Inside the Mind of CTV Buyers: Confidence Is Key to Getting the Most From This Channel

By Rob Ishag, RVP, Demand Sales, Northern Europe,  TripleLift

Last year, for the first time, both Ofcom and Nielsen reported a significant decline in broadcast TV viewing across the globe, signalling just how much viewing habits are changing. Now, most consumers pay for at least three subscription video-on-demand (SVOD) services, watching an average of more than seven apps on their connected TV (CTV) devices.

With the influx of CTV viewers, the number of opportunities for advertisers grows. But as CTV evolves as an advertising channel, brands have to learn and adapt quickly. While media buyers investing in linear TV or digital advertising can fall back on best practice guidelines drawn up over years of experience, with newer formats such as CTV there is no playbook.

In this article, I explore different approaches to CTV buying, sharing insight into key aspects, such as supply chain and targeting, that can help marketers unlock the value this channel offers.

Diverse CTV buyers mean different comfort levels

CTV buyers aren’t a homogenous group, so it’s helpful to identify the different buying teams and what motivates them. Digital investment teams within agencies are primarily looking to achieve high performance and scale as they seek the best impact for their clients. Traditional TV and video teams are experts in planning linear TV campaigns, branching out into CTV with a focus on the quality of the inventory.

Programmatic teams tend to have a more hands-on approach to CTV buys, and are looking to balance high performance with low costs; they also crave easy activation. Innovation teams tend to be small groups of strategists who are hoping to exploit the newest capabilities of CTV to unlock new revenue streams that they can quickly scale – for example, shoppable ads.

Overall comfort level in planning CTV buys has increased significantly from 2022 to 2023. However, when it comes to buying, digital investment and video  teams are less confident in purchasing CTV than planning for it.

Broadly speaking, almost all ad purchasing can be split between two main approaches: automated media buying and direct media buying. Programmatic teams, who favour setting up campaigns automatically, skew towards demand-side platforms (DSPs), while digital investment teams are more likely to lean heavily on direct deals with publishers, through managed insertion orders (IOs). Innovation teams may favour direct one-to-one relationships with publishers, though still make a significant proportion of purchases through DSPs and IOs.

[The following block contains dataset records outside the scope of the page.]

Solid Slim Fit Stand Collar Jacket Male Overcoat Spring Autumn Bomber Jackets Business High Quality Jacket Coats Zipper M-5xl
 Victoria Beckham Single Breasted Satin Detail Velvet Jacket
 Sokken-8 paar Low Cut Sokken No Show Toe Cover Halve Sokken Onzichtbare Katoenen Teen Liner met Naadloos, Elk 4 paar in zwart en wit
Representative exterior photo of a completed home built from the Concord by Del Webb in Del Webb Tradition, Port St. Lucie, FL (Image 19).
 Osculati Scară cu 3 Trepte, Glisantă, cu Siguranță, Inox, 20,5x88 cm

Ultimately, the combination of direct publisher relationships and deals that target the wider streaming ecosystems, including free ad-supported TV (FAST) and virtual Multichannel Video Programming Distributor (vMVPDs) – think YouTube TV and Hulu – will help buyers reach a wider audience.

A complex supply chain calls for partners

In a rapidly evolving ecosystem, buyers must learn how to navigate the complex supply chain if they want to plot a path to maximising their CTV campaigns and minimising waste. There are several qualities buyers look for in their CTV partners. Top of the list is third-party measurement capabilities to help them quantify the effectiveness of their buys. Fraud protection should be a leading concern, while audience and content targeting capabilities are also important. Access to premium, top-tier inventory is also in the mix. 

Most buyers will have their favoured supply-side platform (SSP) – especially those in the video investment and innovation teams – and these preferences are usually dictated by access to a large range of unique inventory. Unique access to data is also a deciding factor, as is pricing.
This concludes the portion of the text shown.